Editorial: The election-year budget

Mon, 08/18/2008 11:50 AM  |  Opinion

An election year usually sees a greatly expansive budget as the incumbent government works hard to attract voters by distributing political goodies.

However, with inflation estimated at around 11 percent throughout this year, the 2009 budget, proposed to parliament last week by President Soesilo Bambang Yudhoyono, represents (in real terms) a mere 2.4 percent increase in total spending to Rp 1,122 trillion (US$123 billion).

Certainly not an expansive budget, nor a pump priming one, in view of the parliamentary and presidential elections next year.

With more than 20 percent (or Rp 227 trillion) of the total expenditure allocated to subsidies (around 71 percent of this for fuel and electricity alone) and with a 15 percent pay rise for civil servants, we cannot help but see the draft budget as supporting SBY's aim to be reelected.
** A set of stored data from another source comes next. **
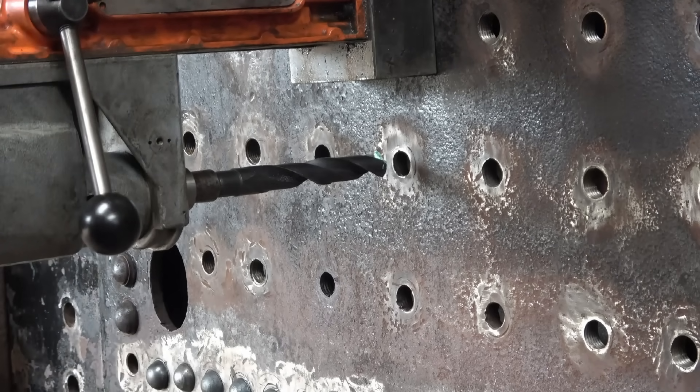How are you finding that cutting stuff? I've been swapping between using the oil and that stuff, and as I say for doing this sort of thing it's ideal. It's very ergonomic, doing really great.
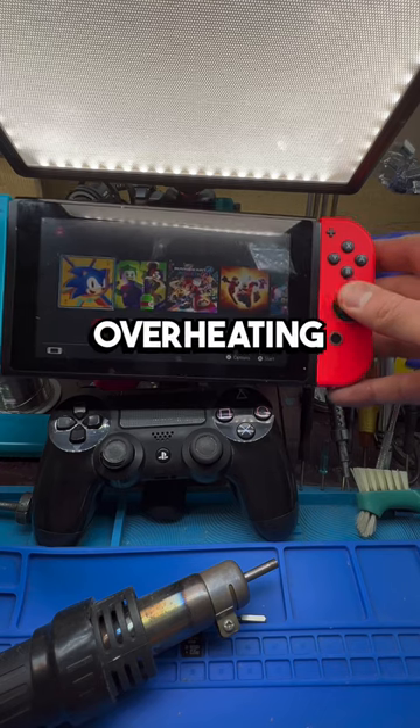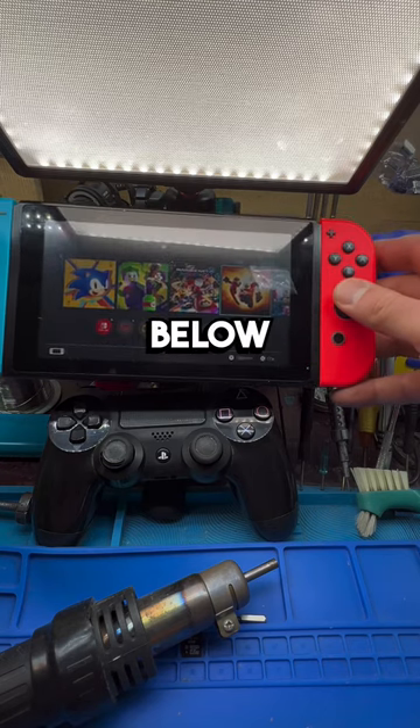And that's how you prevent your antenna switch from overheating. If you have any questions, leave them in a comment below and make sure you like and follow.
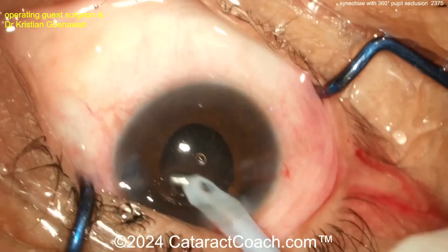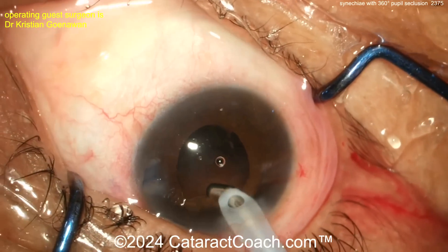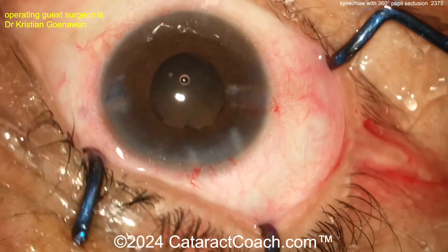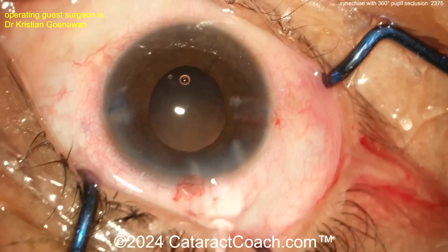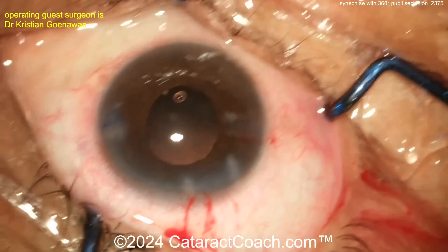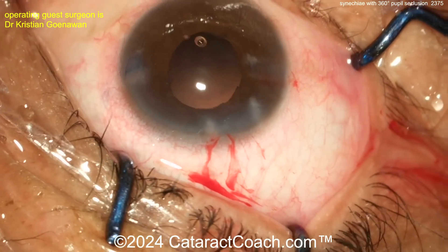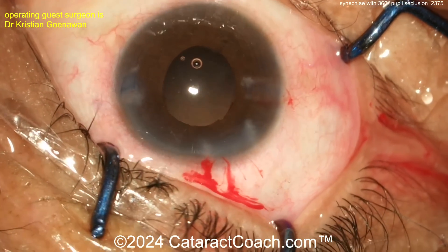The capsule looks pretty clean. Once you get the IOL in the capsular bag with the eye still full of viscoelastic, I like to use the chopper, Sinskey hook, or similar instrument to lift the iris 360 degrees to confirm the haptics and optic are all within the capsular bag, and to check for any retained cortex at the capsular bag equator. Fill the eye with viscoelastic. The lens choice will almost certainly be a monofocal. The IOL is being loaded by the assistant — you should definitely know how to load your own IOL in case your assistant is unavailable.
For the first time in the nation's history, the government plans to allocate 20 percent of its total spending to education (thus fulfilling a stipulation of the Constitution), by increasing the budget for this sector to Rp 224 trillion.

This should be a welcome development because human resources have long been one of the least developed sectors in Indonesia, blamed for an acute shortage of highly trained and skilled workers.

Yet we are a little apprehensive of how the government will go about distributing the additional budget across the educational sector, aiming for a harmonious balance between building institutional capacity and physical infrastructure.

The appropriation of Rp 142.8 trillion for poverty alleviation in rural and urban areas is a good decision given that more than 15 percent of our population of 130 million still live below the poverty line. But again, our biggest concern is the government's capacity in budget-execution.

Despite the 13.40 percent nominal increase planned in total spending, the 2009 budget will check the fiscal deficit at only 1.9 percent of the gross domestic product (GDP) -- slightly less than an estimate of 2.1 percent made earlier this year.

The government made this all possible by simply tinkering with the assumed oil price. By reducing the assumed average price of oil for the whole of next year to $100/barrel (as against the actual price of $140 in the first semester of this year) the government expects to slash fuel subsidies to Rp 101.4 trillion from an estimated Rp 180.3 trillion this year. Despite a decline in international oil prices over the past few weeks, this factor will be the biggest vulnerability of the budget.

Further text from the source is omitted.